4. Emissionsminderungspfad als zentrales Steuerungsinstrument
Anstelle zahlreicher Einzelvorschriften, die zu einer Vielzahl von Maßnahmen verpflichten, soll ein klarer Emissionsminderungspfad als Zielformulierung festgelegt werden. Er ist die einzige verbindliche Größe. Er gibt, wie im Klimaschutzgesetz von 2021 beschrieben, vor, wie die Gebäude ihre Emission bis 2045 reduzieren müssen. Die Emissionen bestehen dabei aus den bei der Herstellung und beim Umbau entstehenden Emissionen wie auch den beim Betrieb der Gebäude entstehenden Emissionen. Die Überwachung dieses Pfades erfolgt durch eine unabhängige Emissionsagentur, die sicherstellt, dass die Ziele eingehalten werden. Die Finanzierung erfolgt durch den Emissionshandel, dessen Einnahmen vollständig an
die Bürger zurückgegeben werden.

5. Bestandserhalt und Kreislaufwirtschaft fördern
Bauvorhaben sollen zukünftig nur dann genehmigt werden, wenn sie strenge Emissionsgrenzen einhalten. Durch den Erhalt bestehender Bausubstanz kann die Freisetzung von grauen Emissionen verhindert und die Kreislaufwirtschaft auf den Weg gebracht werden. Sekundärmaterialien müssen zukünftig bevorzugt eingesetzt werden, um den Verbrauch von primären Ressourcen zu minimieren und die Abfallproduktion zu senken. Ein Absenkungspfad für den CO2-Ausstoß bei der Herstellung und dem Betrieb der Gebäude gibt Planern die Möglichkeit, innovative und emissionsarme Lösungen zu entwickeln.
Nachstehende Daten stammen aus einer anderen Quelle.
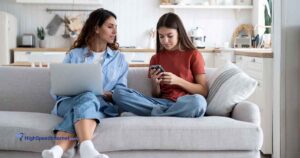 Mother and daughter sitting on couch using cell phone and laptop.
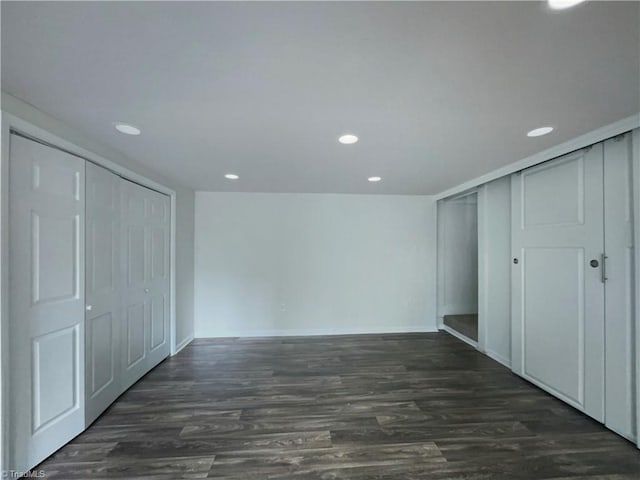 unfurnished bedroom with recessed lighting, a closet, and dark wood-style flooring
Fazit: Ein gemeinsamer Weg zur Klimaneutralität
Die vorgeschlagenen Maßnahmen führen zu einer zukunftsweisenden Neuausrichtung der Gebäude- und Klimapolitik. Der Weg zur Klimaneutralität im Gebäudesektor ist anspruchsvoll, aber auf einem Praxispfad Emissionsreduktion eher machbar als auf dem Energieeffizienzpfad. Unsere Empfehlungen zeigen, dass ein solcher Wandel möglich ist und sowohl ökologisch als auch ökonomisch sinnvoll umgesetzt werden kann. Der Praxispfad zur Emissionsreduktion wird am ehesten bezahlbar, sozial verträglich und wirksam sein und damit die Grundlage für einen nachhaltigen Gebäudesektor schaffen.

Wir richten unseren Aufruf an die Entscheidungsträger in der Politik: Stellen Sie Regulierungen und Förderungen konsequent auf die Reduktion von Treibhausgasemissionen ab. Geben Sie Ziele und nicht Maßnahmenkataloge vor. Vereinfachen Sie die Regularien, schaffen Sie Raum für innovative Lösungen und gestalten Sie ein förderliches Umfeld, in dem der Gebäudesektor nachhaltige, bezahlbare und klimafreundliche Wege gehen kann.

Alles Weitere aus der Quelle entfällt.